→ PROBLEM STATEMENT: The listing below is to be copied exactly, with pictures excluded.

→ DATA:
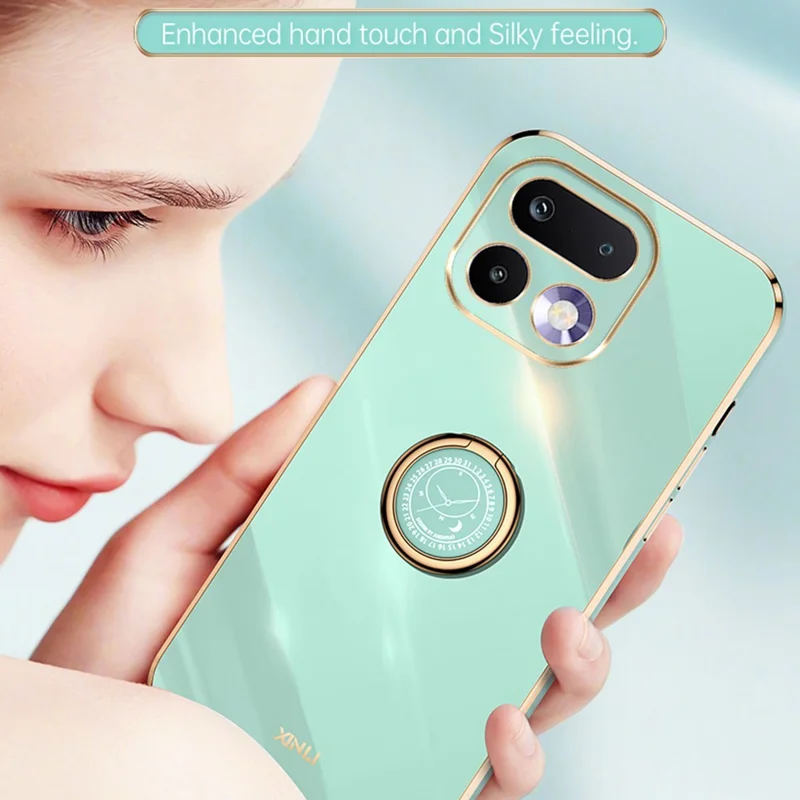 Capa para Realme 16 Pro 5G com Anel Suporte e Revestimento Eletrolítico em TPU - Ciano
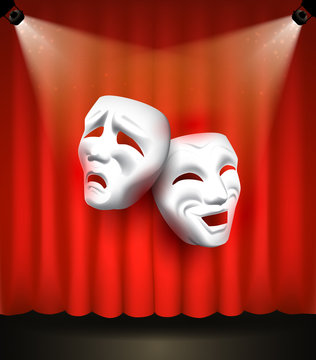 Theater poster with emotional masks on red curtain background. Vector illustration.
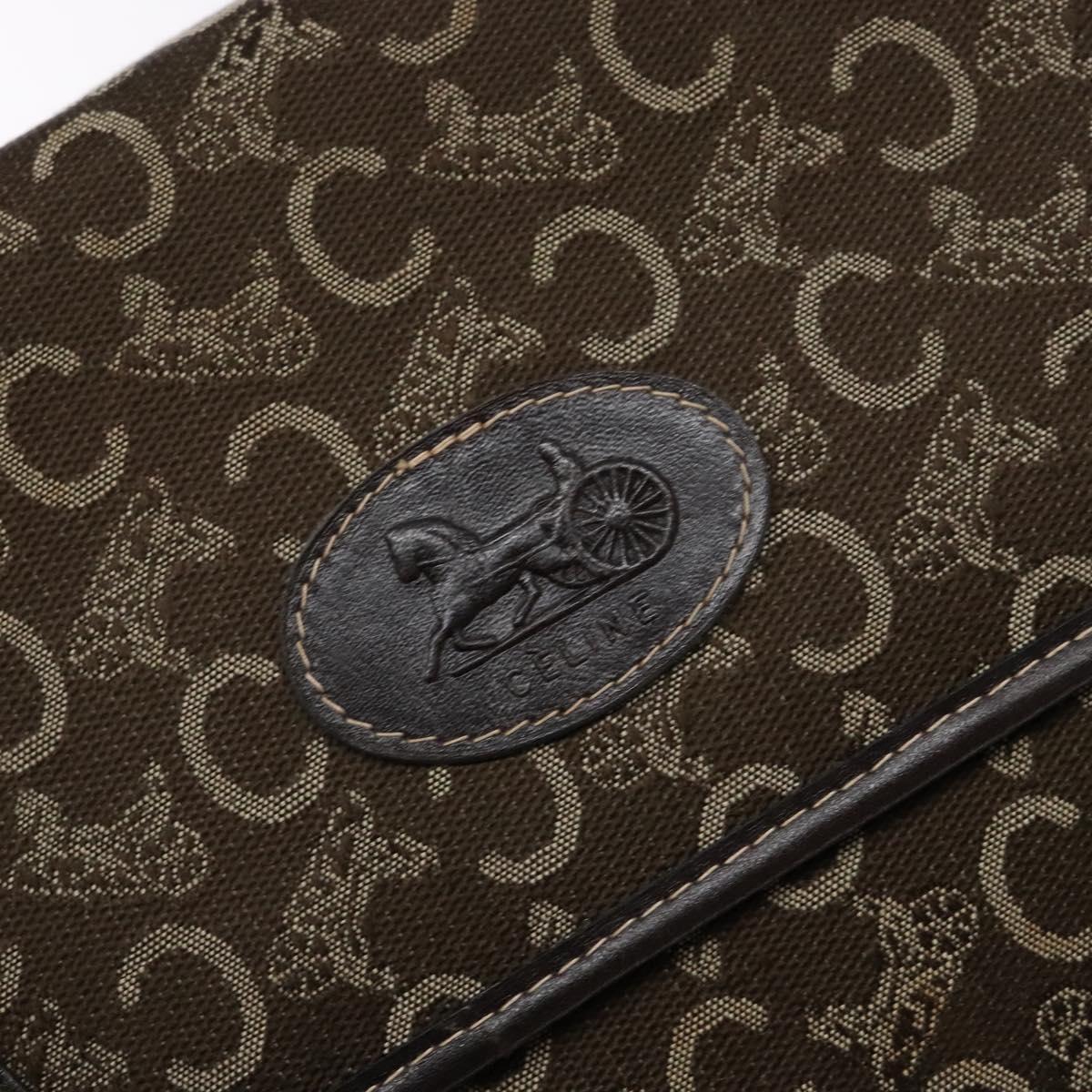 CELINE C Macadam Canvas Hand Bag Brown Gold Auth 135161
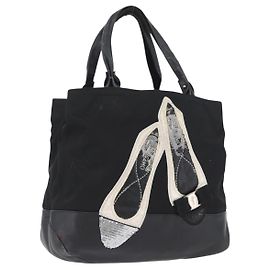 Salvatore Ferragamo Vala Tote Bag Nylon Black Silver Auth BA10741 Black Silvery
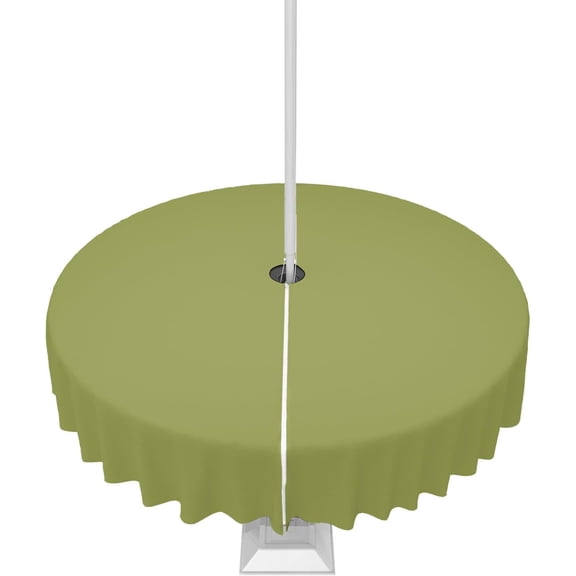 Olive Green Outdoor Tablecloth with Umbrella Hole and Zipper, Solid Color Table Cover for Round Tables Waterproof Tabletop Collection for Patio, Garden, Picnic, Camping 60R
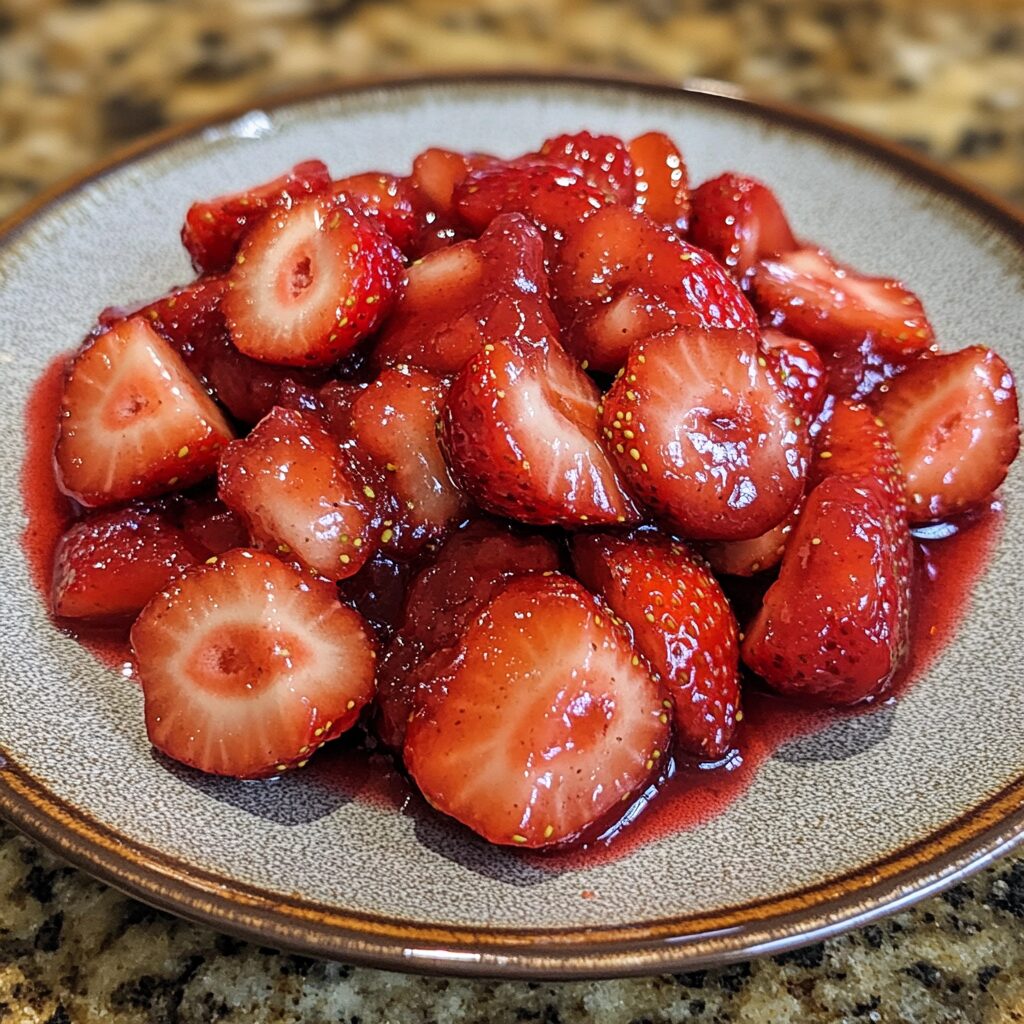 Easy Strawberry Compote (20 Minutes) served on a plate in natural light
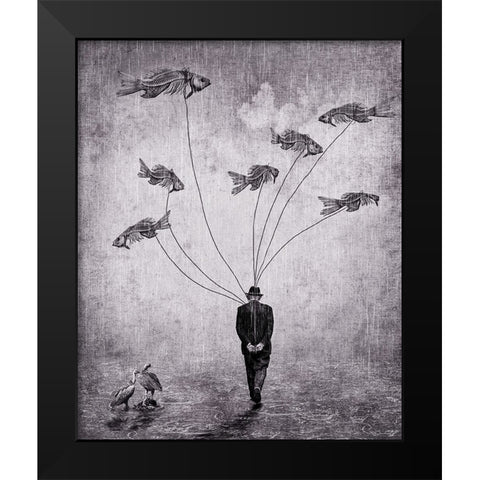Land Of The Flying Dead Black Modern Wood Framed Art Print by Mohanraj, Arun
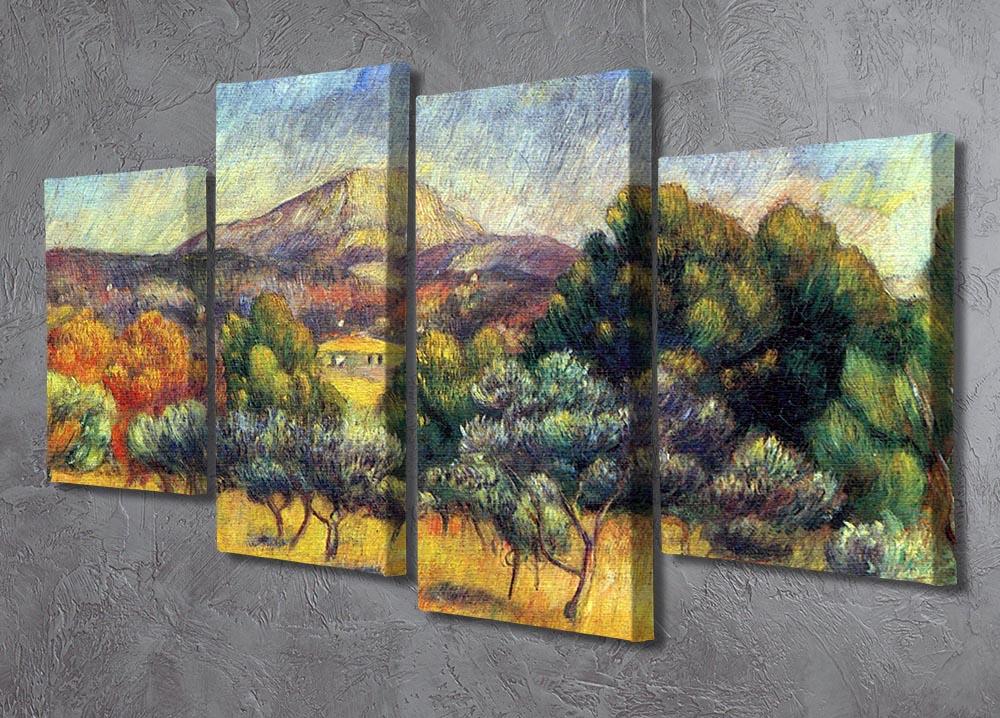 A stunning 4-split canvas artwork depicting Sainte Vicoria Mountain by Renoir, showcasing vibrant colors and intricate details across four panels.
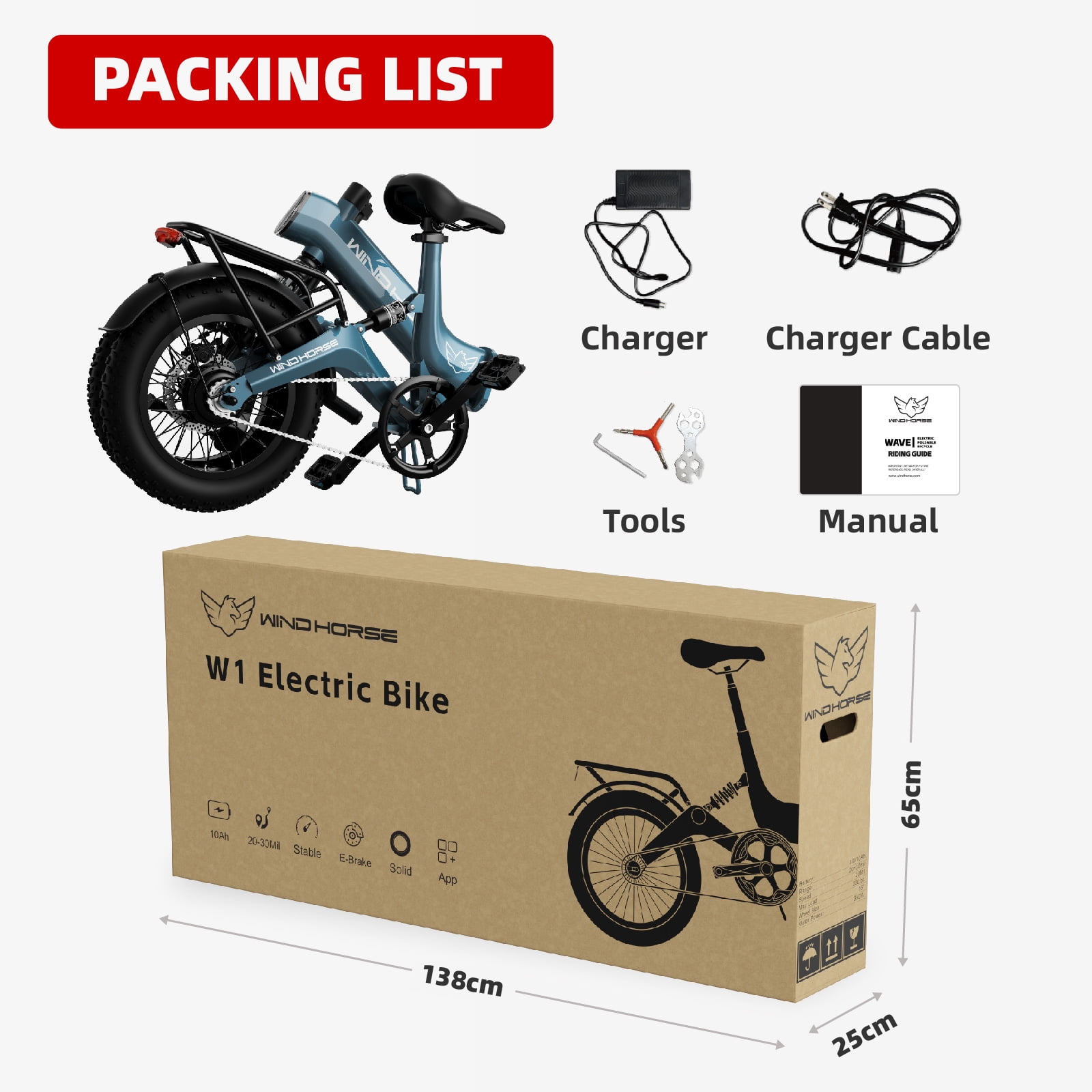 Windhorse W1-BLU City VoltRide Foldable Electric Bike for Adults (Blue)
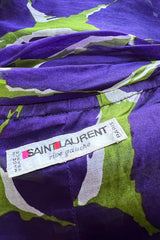 Exceptional Spring 1984 Yves Saint Laurent Runway Strapless Purple & Green Silk Organza Dress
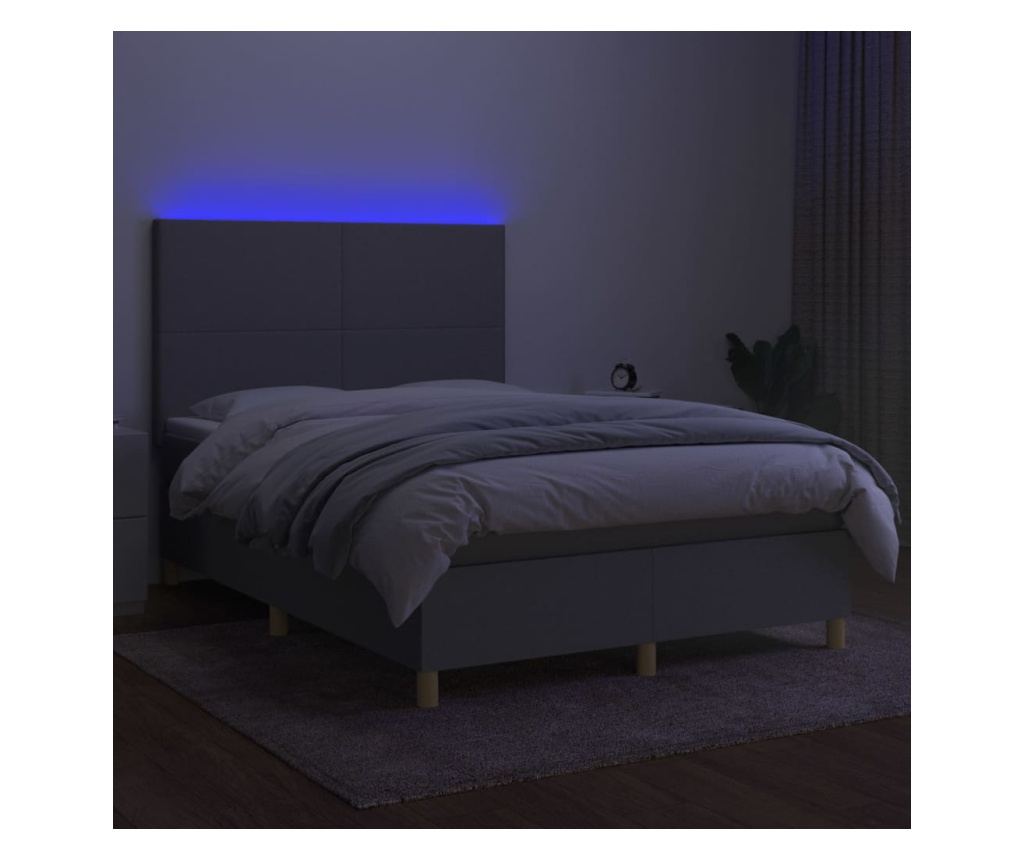 Okvir za krevet s madracem i LED rasvjetom, Svjetlosiva, 140x200 cm, Tkanina - 4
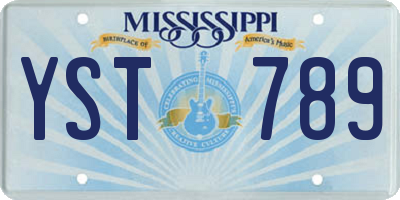 MS license plate YST789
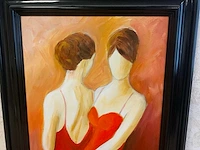 Schilderij dames in rode jurk - afbeelding 3 van  4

→ EXERCISE RESULT:
 Capa para Realme 16 Pro 5G com Anel Suporte e Revestimento Eletrolítico em TPU - Ciano
 Theater poster with emotional masks on red curtain background. Vector illustration.
 CELINE C Macadam Canvas Hand Bag Brown Gold Auth 135161
 Salvatore Ferragamo Vala Tote Bag Nylon Black Silver Auth BA10741 Black Silvery
 Olive Green Outdoor Tablecloth with Umbrella Hole and Zipper, Solid Color Table Cover for Round Tables Waterproof Tabletop Collection for Patio, Garden, Picnic, Camping 60R
 Easy Strawberry Compote (20 Minutes) served on a plate in natural light
Land Of The Flying Dead Black Modern Wood Framed Art Print by Mohanraj, Arun
 A stunning 4-split canvas artwork depicting Sainte Vicoria Mountain by Renoir, showcasing vibrant colors and intricate details across four panels.
 Windhorse W1-BLU City VoltRide Foldable Electric Bike for Adults (Blue)
 Exceptional Spring 1984 Yves Saint Laurent Runway Strapless Purple & Green Silk Organza Dress
 Okvir za krevet s madracem i LED rasvjetom, Svjetlosiva, 140x200 cm, Tkanina - 4
 MS license plate YST789
 Schilderij dames in rode jurk - afbeelding 3 van  4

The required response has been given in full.